Решение из зала вынесли в спину уже расходящимся, и вынесли буднично, вполголоса, через служителя у дверей: род Чернышевых внесен, земля под Стужином и голос в реестре. Полоса вдоль межи как стояла за промыслом Гнездо по выписи, так и стоит. Ни рубля из этого не капало, ни жилы не прибавлялось, и все же по лестнице мимо меня пошли иначе: на скулу мою смотрели теперь открыто и не отворачивались, а знак со скулы не закрыть ни воротом, ни рукавом, и я это уже проверял.
На верхней галерее стоял Гронский и отдавал курьеру папку. Медленно он завязал тесемки, придержал углы и назвал курьеру, куда нести, и понес курьер не наверх.
— Дело закрыто, а идет в соседнее производство? — я подошел ближе, чем следовало.
— Закрытое дело в печь не идет никогда, — он говорил, глядя вслед курьеру, — оно идет туда, где его могут спросить, а спросить его могут в производстве смежном, и в это производство я, надо вам знать, не вхож ни по должности, ни по чину. Читать вашу формулировку будут там. Что по ней сделают, вам не скажу, потому что и мне не скажут.
— Записку с числами и часами моих явок кто писал?
Гронский повернулся. Он не помедлил и не сделал лица.
— Рука одна и та же — и на записке, и на той помете сбоку в реестре, вычеркнутой при вас. Письмоводитель Устин Дудин из соседней комнаты управления. Кому Дудин сдает работу, я не знаю, и это не оборот вежливости.
У лестницы меня нагнал Ознобишин. Тяжело он дышал, держа под мышкой ту же папку, а на нижней площадке еще толпились и оглядывались, и никого он не стеснялся.
— Вы приняли содержание вслепую, — начал он. — Слушайте, чем оно оплачено. Восемь лет службы по назначению казны, без выбора места и без права выкупа, считая с приема. Взнос, взятый вами в долг, казна вычтет из содержания первым, вперед всего прочего и не спросясь вас.
— Отказаться можно?
— Можно. Тогда графа снова пуста, а строка ваша закрыта, и вы это понимаете не хуже меня. — Он переложил папку. — И еще одно, чтоб вы не ломали голову. Объявления по подписке, какие вы пишете о всяком применении дара, читают там же, где решают, кого брать. Оттого лицей знал о вас раньше Совета.
Я выслушал его до конца, не перебив, потому что приучился выслушивать до конца всякое слово, которым меня окликают.

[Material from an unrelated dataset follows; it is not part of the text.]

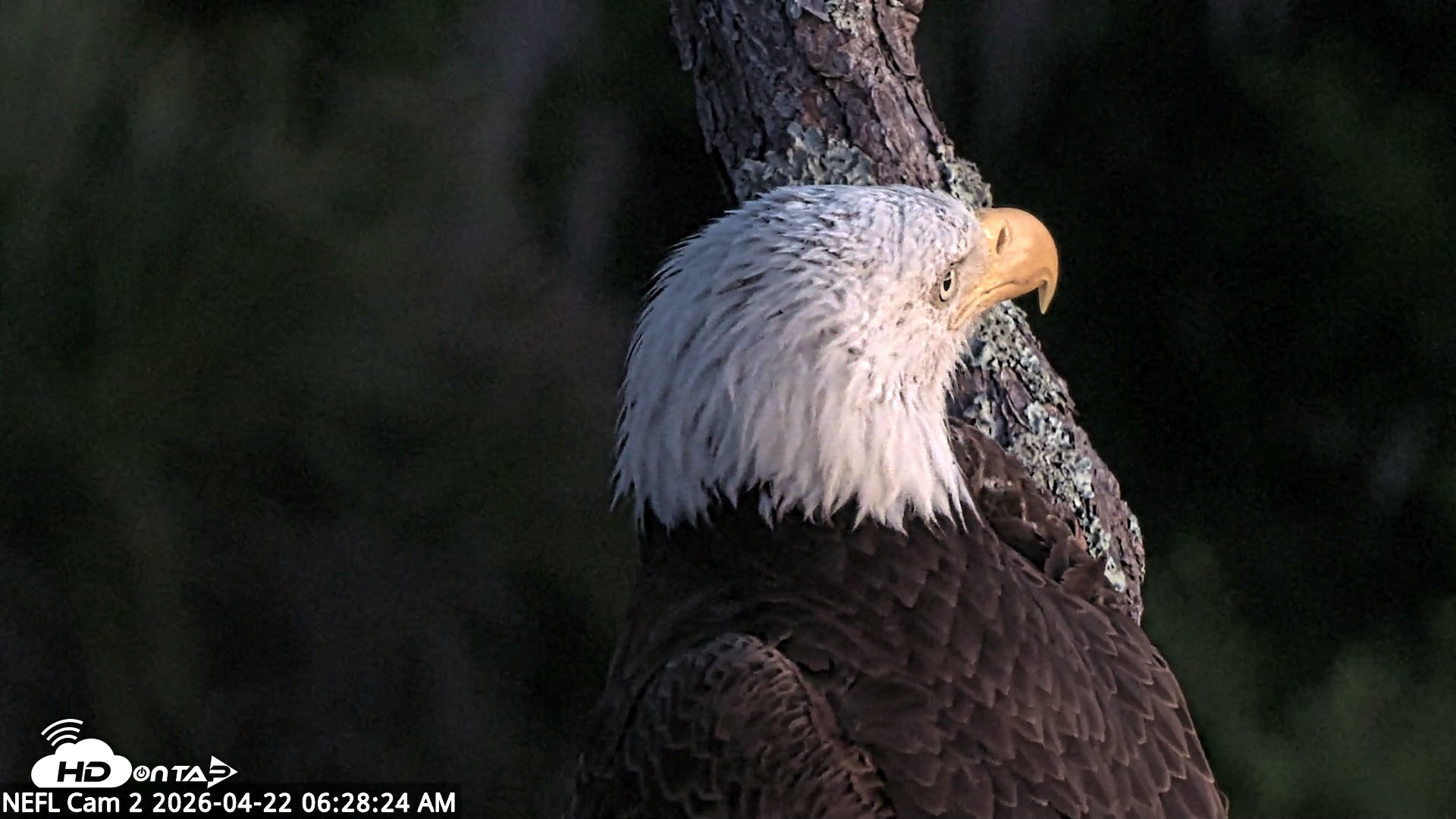 Snapshot of NE Florida Eagles Live Webcam taken Apr 22, 2026, 6:29am EDT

— В четверг вас ждут выше, — договорил он. — Смотреть будут казенные люди, и смотреть будут долго.
— В четверг поздно.
Он поднял брови и хотел что-то ответить, но я уже шел вниз, и перила под ладонью были холодные, и я говорил ему через плечо, на всю лестницу, при всех, кто еще не вышел:
— Передайте им, что я приду сам и приду в среду, с утра, — и пусть смотрят, сколько надо.